Instructions for the task:
When you return the data, keep every line exactly as it is and leave out the pictures.

[[ Information shown open ]]

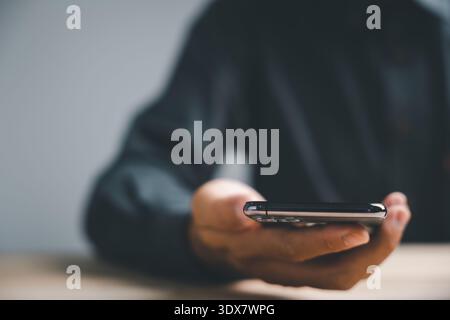 Close-up of a hand holding a smartphone with a blurred background. Stock Photo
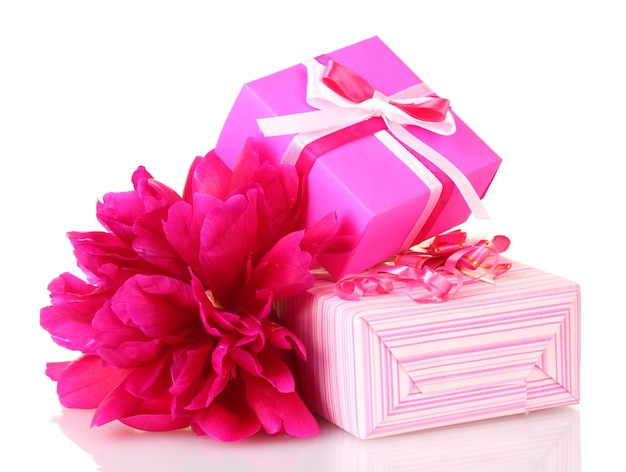 Beautirul pink gifts and peony flower isolated on white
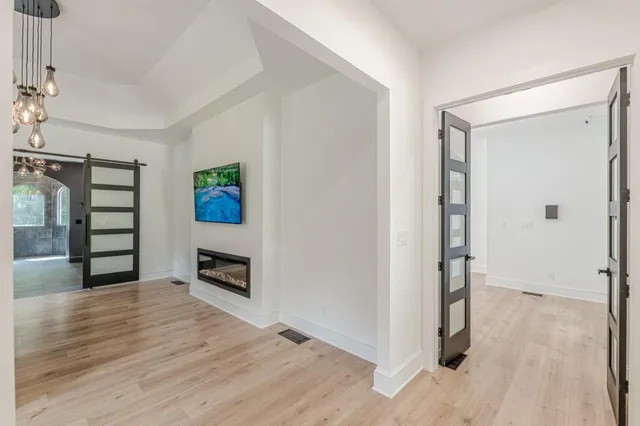 a bedroom with a bed a flat screen tv and couches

[[ Information shown closed ]]

Expected answer:
 Close-up of a hand holding a smartphone with a blurred background. Stock Photo
 Beautirul pink gifts and peony flower isolated on white
 a bedroom with a bed a flat screen tv and couches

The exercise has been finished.